● **Exercise description**:
Omit all pictures, then retype the data exactly as given.

● **Material provided**:
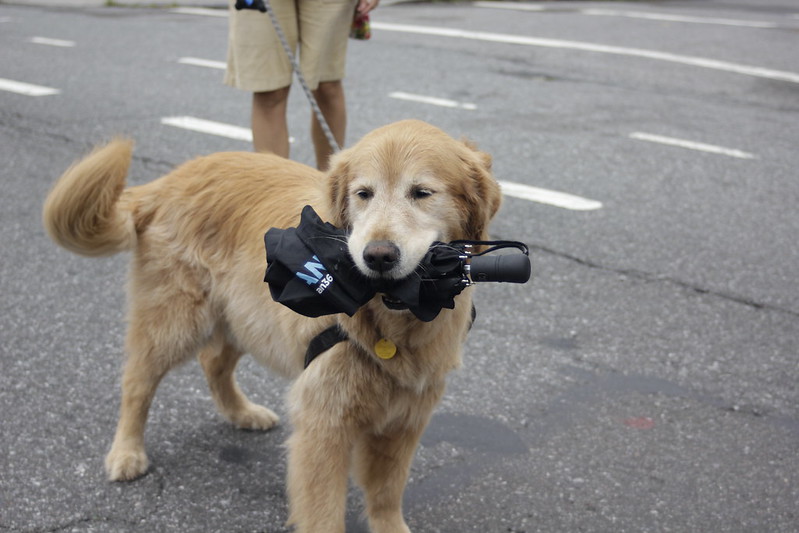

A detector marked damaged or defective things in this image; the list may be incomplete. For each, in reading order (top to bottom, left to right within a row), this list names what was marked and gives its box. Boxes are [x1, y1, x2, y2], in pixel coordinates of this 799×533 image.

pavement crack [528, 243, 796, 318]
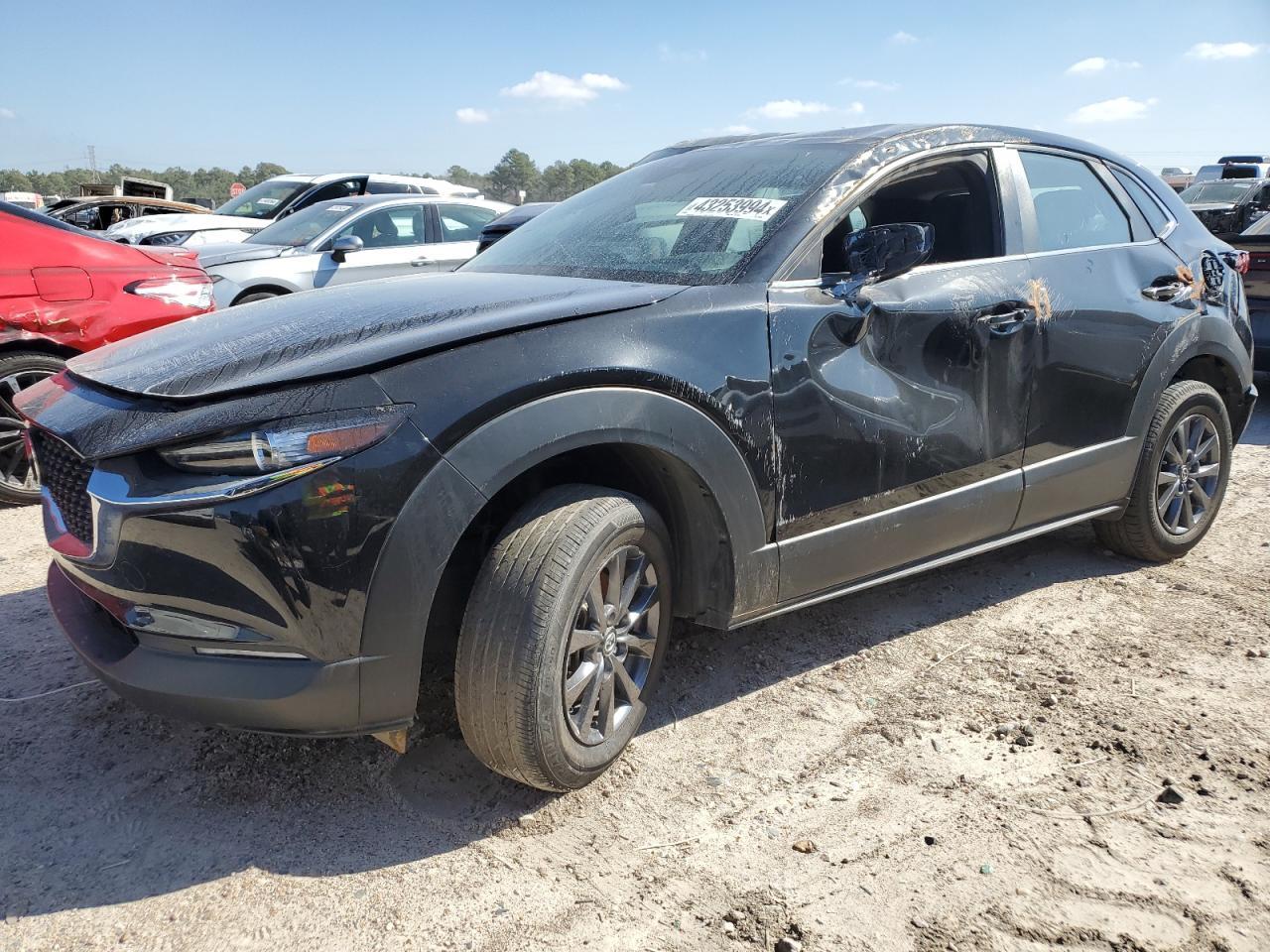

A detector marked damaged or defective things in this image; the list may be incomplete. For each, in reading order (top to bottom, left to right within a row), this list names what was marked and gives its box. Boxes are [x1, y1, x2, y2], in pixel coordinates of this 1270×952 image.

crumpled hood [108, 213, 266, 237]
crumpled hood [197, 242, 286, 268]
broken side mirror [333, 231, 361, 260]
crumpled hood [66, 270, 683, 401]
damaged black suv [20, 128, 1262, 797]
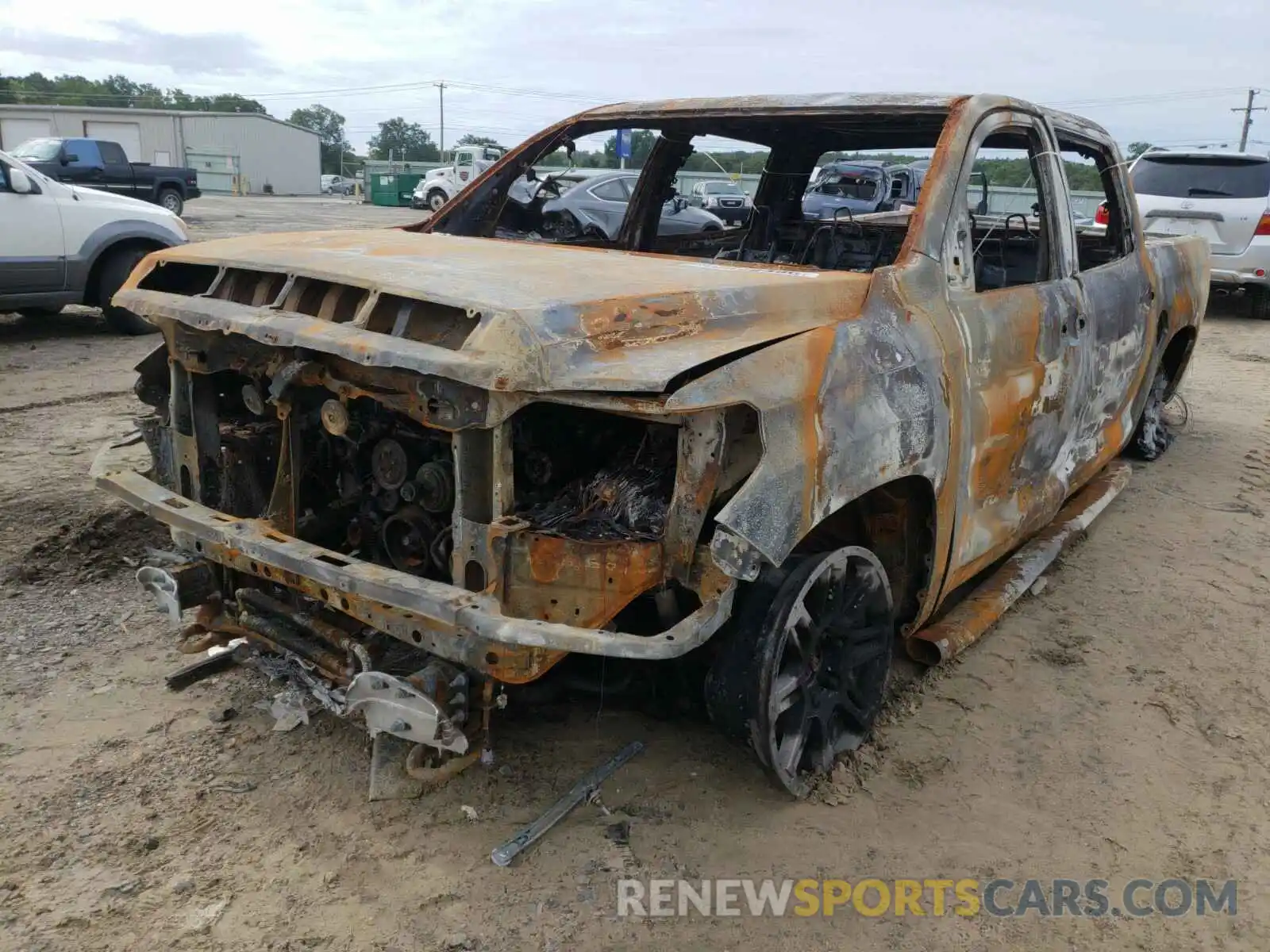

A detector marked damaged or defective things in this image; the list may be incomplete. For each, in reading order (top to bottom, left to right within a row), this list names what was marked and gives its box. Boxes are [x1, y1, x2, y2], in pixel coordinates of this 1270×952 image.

● **Answer for this exercise**:
A detector marked damaged or defective things in this image; the list may be incomplete. For each, in reading order (top to bottom, left to right within a row), this list names what was marked and gives its box. Boxes are [x1, y1, x2, y2], in pixel coordinates of this 799×533 image.

pavement crack [528, 243, 796, 318]

A detector marked damaged or defective things in this image; the list may be incomplete. For each, in reading order (top to bottom, left to right within a row), this list names what was marked and gives its box. Boxes are [x1, y1, x2, y2], in pixel coordinates of this 1270×952 image.

crumpled hood [108, 213, 266, 237]
crumpled hood [197, 242, 286, 268]
broken side mirror [333, 231, 361, 260]
crumpled hood [66, 270, 683, 401]
damaged black suv [20, 128, 1262, 797]

A detector marked damaged or defective things in this image; the list may be incomplete. For each, in reading order (top to bottom, left to right within a row), this list names what was marked and gives its box. Boxes are [x1, y1, x2, y2], in pixel coordinates of this 1270×952 image.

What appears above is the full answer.